• [REQUIRED ACTION]: Write out exactly the lines below starting at the one containing "BLOMERUS Hermina Elizabeth" and ending at the one containing "Hobbs Γυναικείο φόρεμα". Omit every picture.

• [DATA TO EXAMINE]:

===============

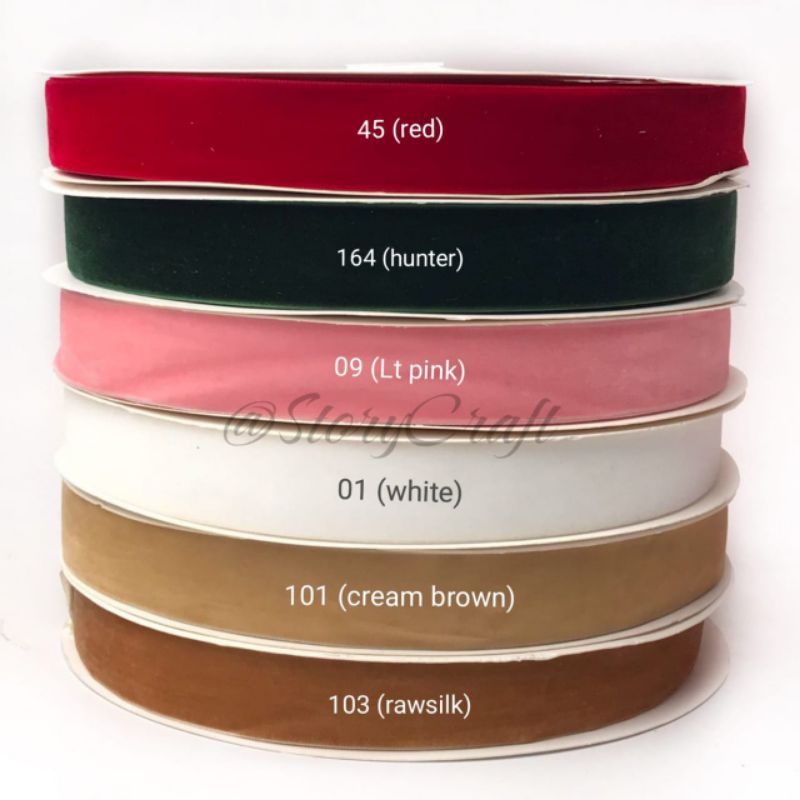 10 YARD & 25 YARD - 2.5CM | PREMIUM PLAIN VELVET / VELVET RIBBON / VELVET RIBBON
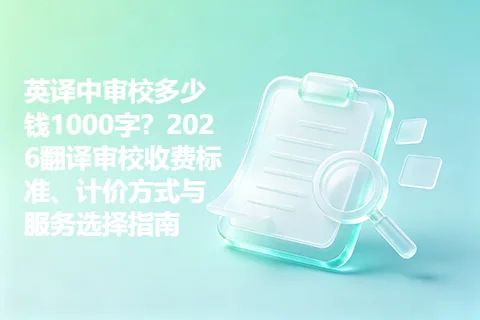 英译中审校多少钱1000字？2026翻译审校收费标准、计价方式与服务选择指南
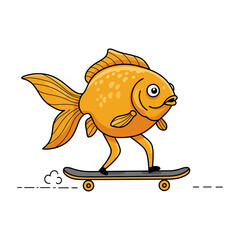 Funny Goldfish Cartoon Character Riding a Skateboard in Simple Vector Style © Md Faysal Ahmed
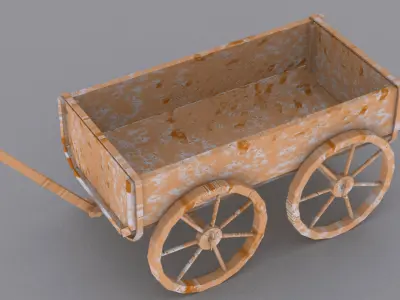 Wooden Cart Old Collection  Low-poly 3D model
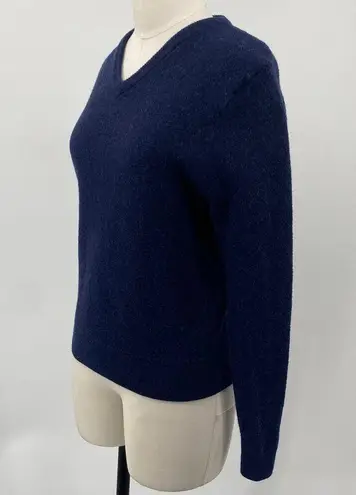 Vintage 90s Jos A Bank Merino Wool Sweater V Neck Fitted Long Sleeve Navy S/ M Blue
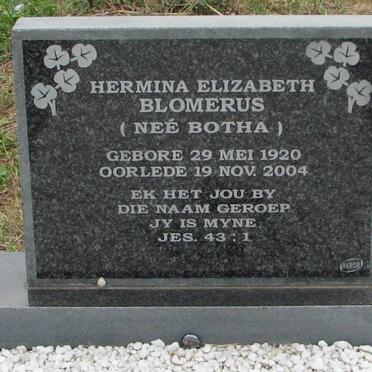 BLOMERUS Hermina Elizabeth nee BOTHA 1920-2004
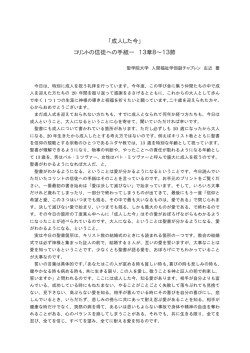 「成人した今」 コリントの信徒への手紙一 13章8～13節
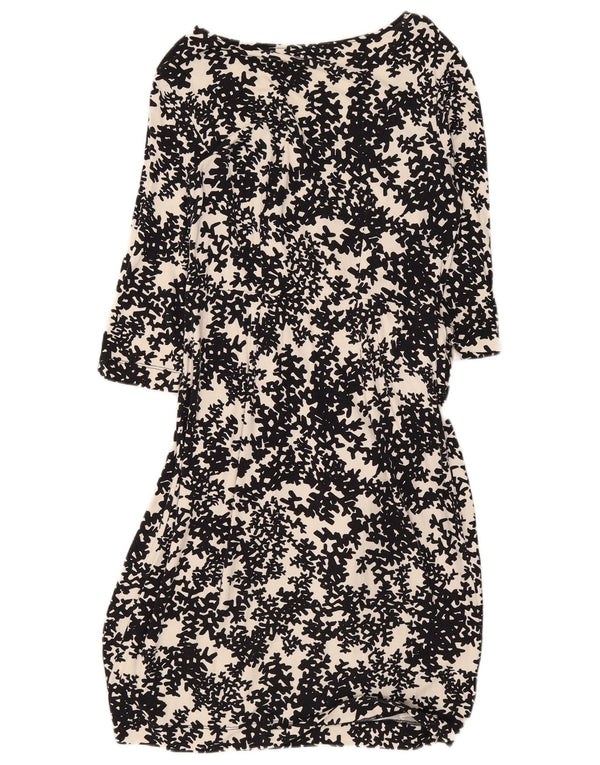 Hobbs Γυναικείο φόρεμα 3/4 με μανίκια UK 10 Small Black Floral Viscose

===============

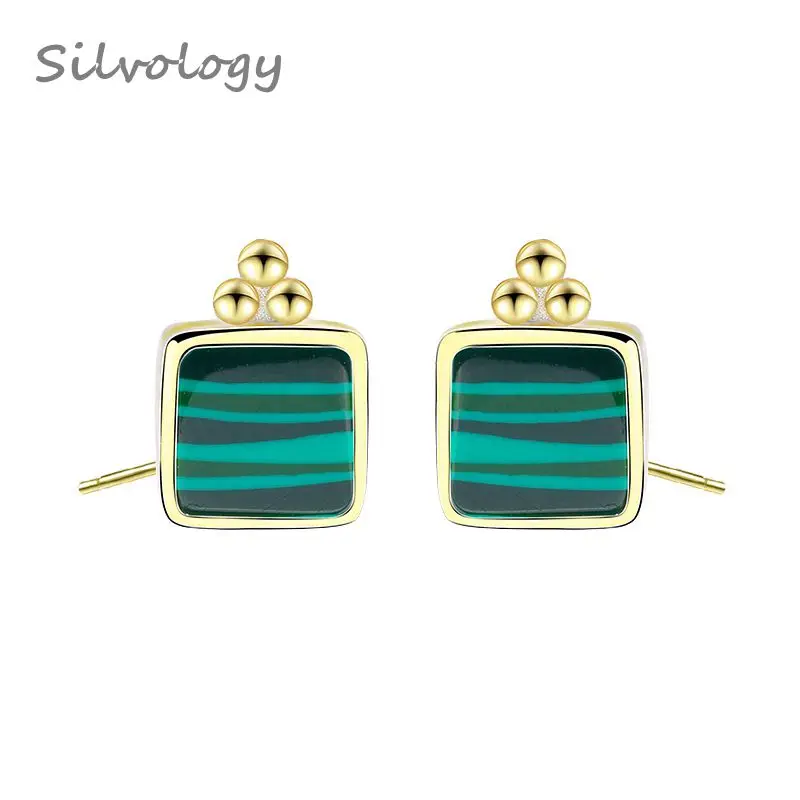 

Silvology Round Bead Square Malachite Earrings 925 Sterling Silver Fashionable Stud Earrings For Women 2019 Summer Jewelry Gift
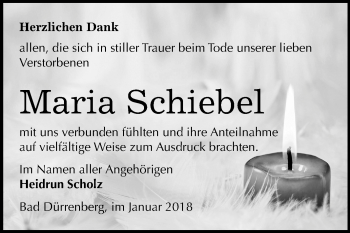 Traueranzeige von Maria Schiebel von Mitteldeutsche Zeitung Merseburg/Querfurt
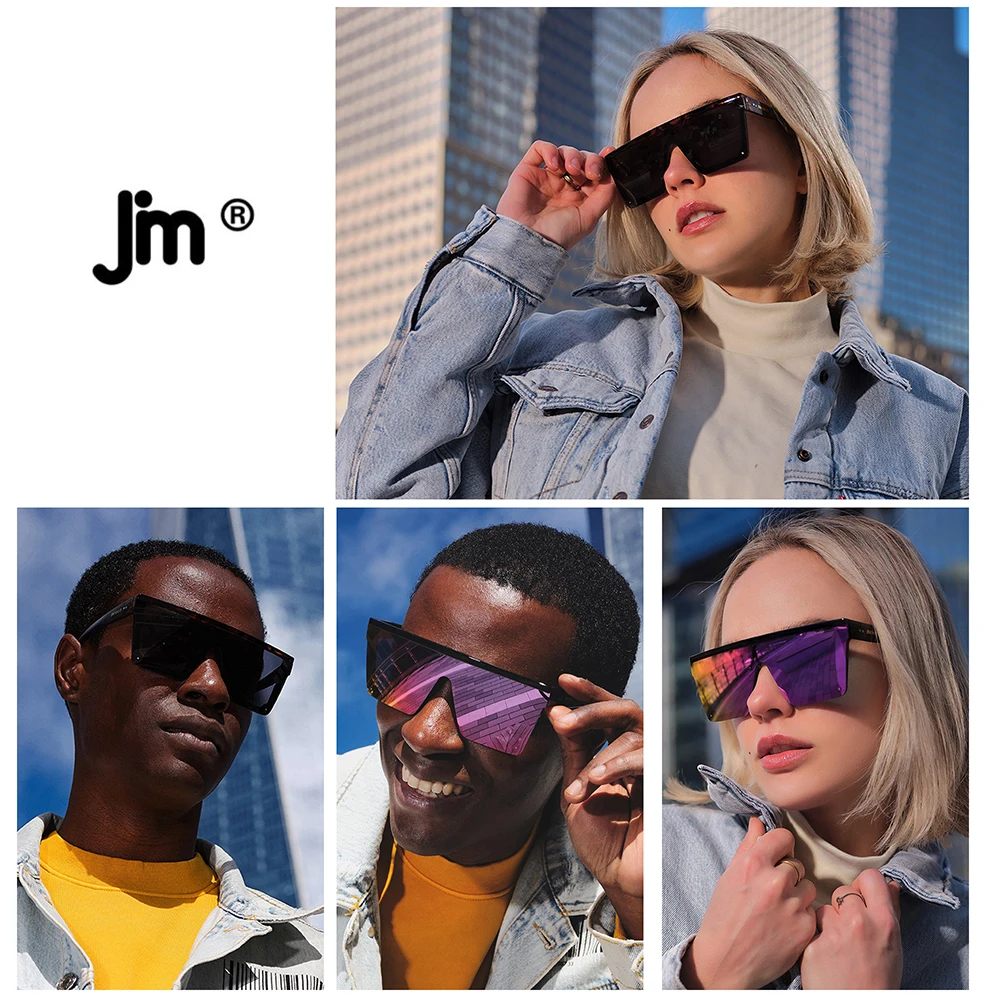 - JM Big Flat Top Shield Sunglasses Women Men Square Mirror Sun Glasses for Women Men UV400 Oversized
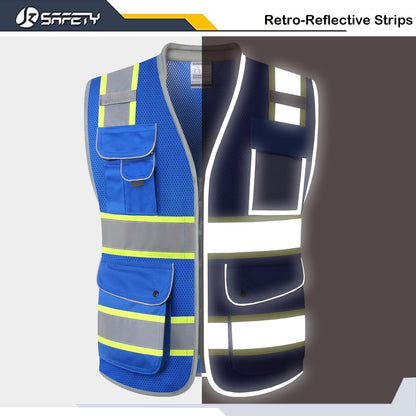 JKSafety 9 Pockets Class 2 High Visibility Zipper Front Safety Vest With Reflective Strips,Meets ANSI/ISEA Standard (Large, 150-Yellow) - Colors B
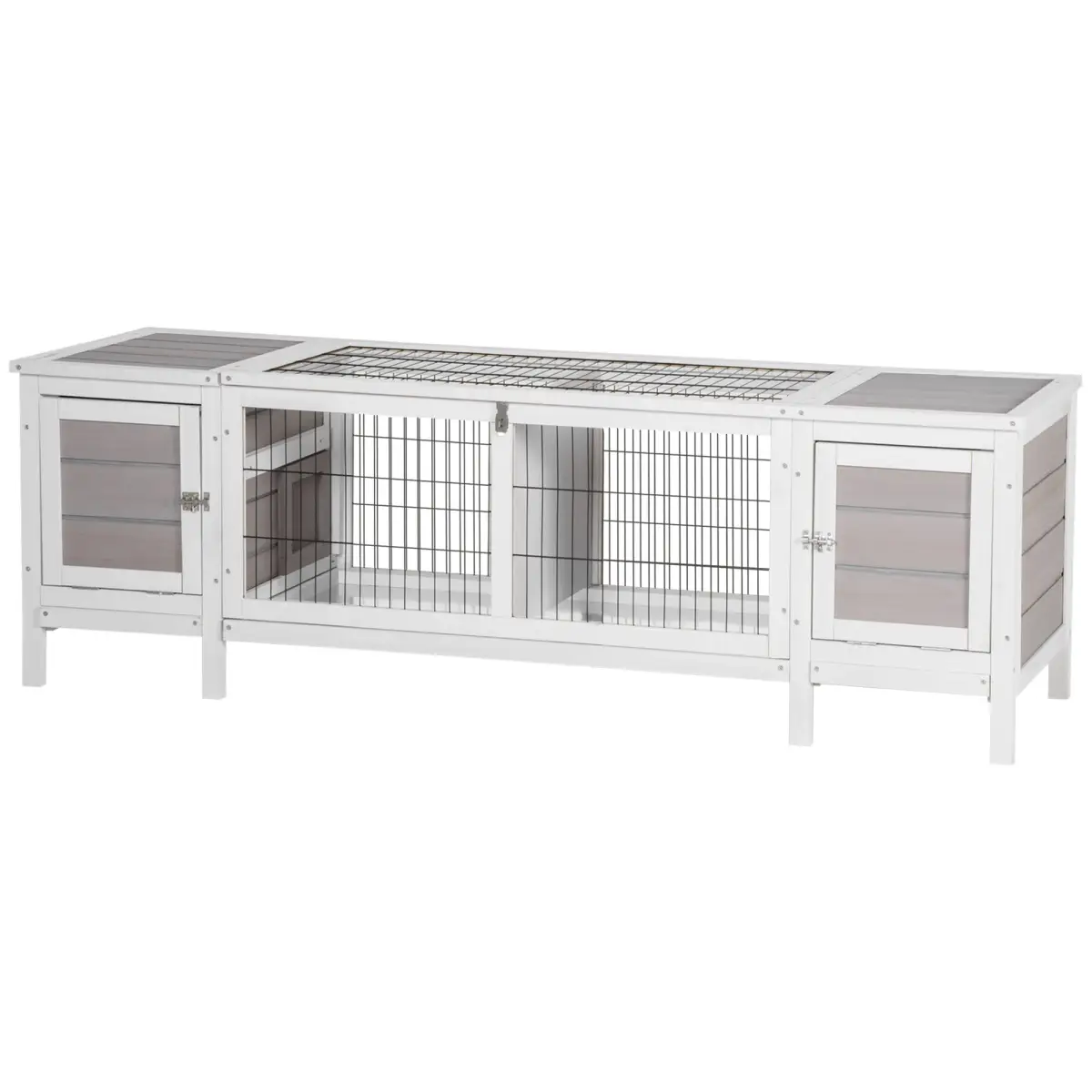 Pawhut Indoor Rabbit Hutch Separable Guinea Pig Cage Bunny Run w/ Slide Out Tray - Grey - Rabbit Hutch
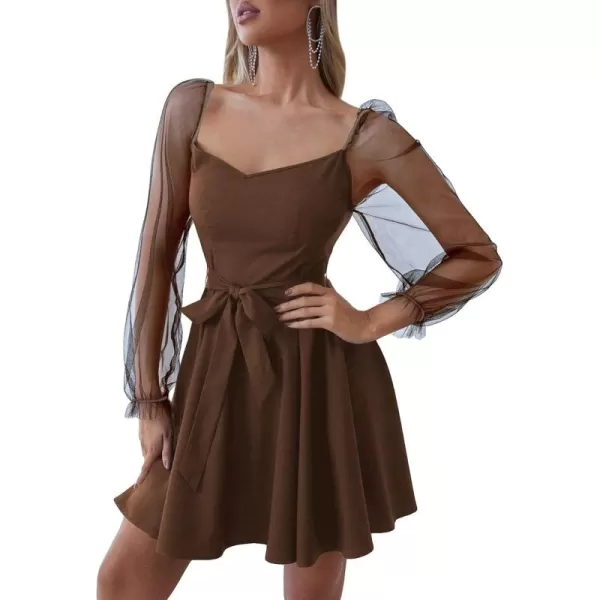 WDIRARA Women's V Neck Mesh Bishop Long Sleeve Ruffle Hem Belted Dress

===============

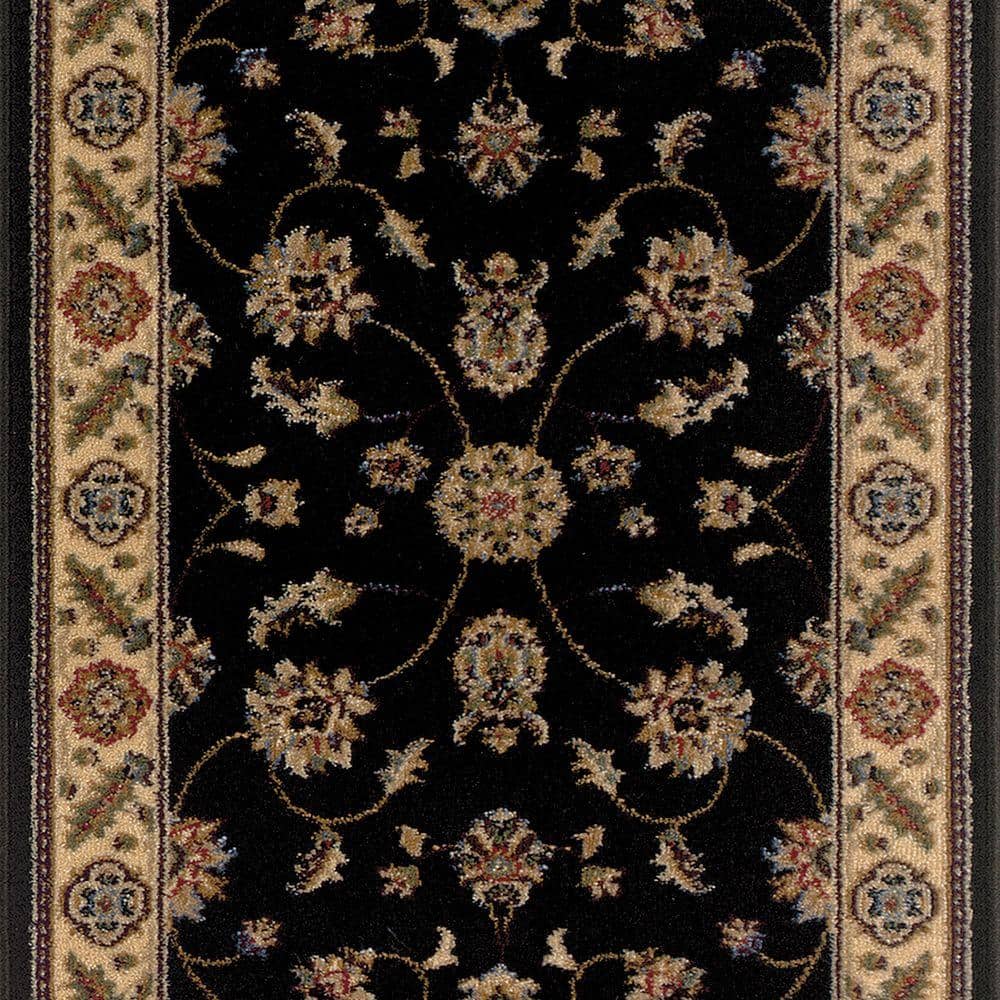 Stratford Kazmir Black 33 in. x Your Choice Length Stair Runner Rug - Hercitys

===============

• [REPLY TO THE EXERCISE]:
 BLOMERUS Hermina Elizabeth nee BOTHA 1920-2004
 「成人した今」 コリントの信徒への手紙一 13章8～13節
 Hobbs Γυναικείο φόρεμα 3/4 με μανίκια UK 10 Small Black Floral Viscose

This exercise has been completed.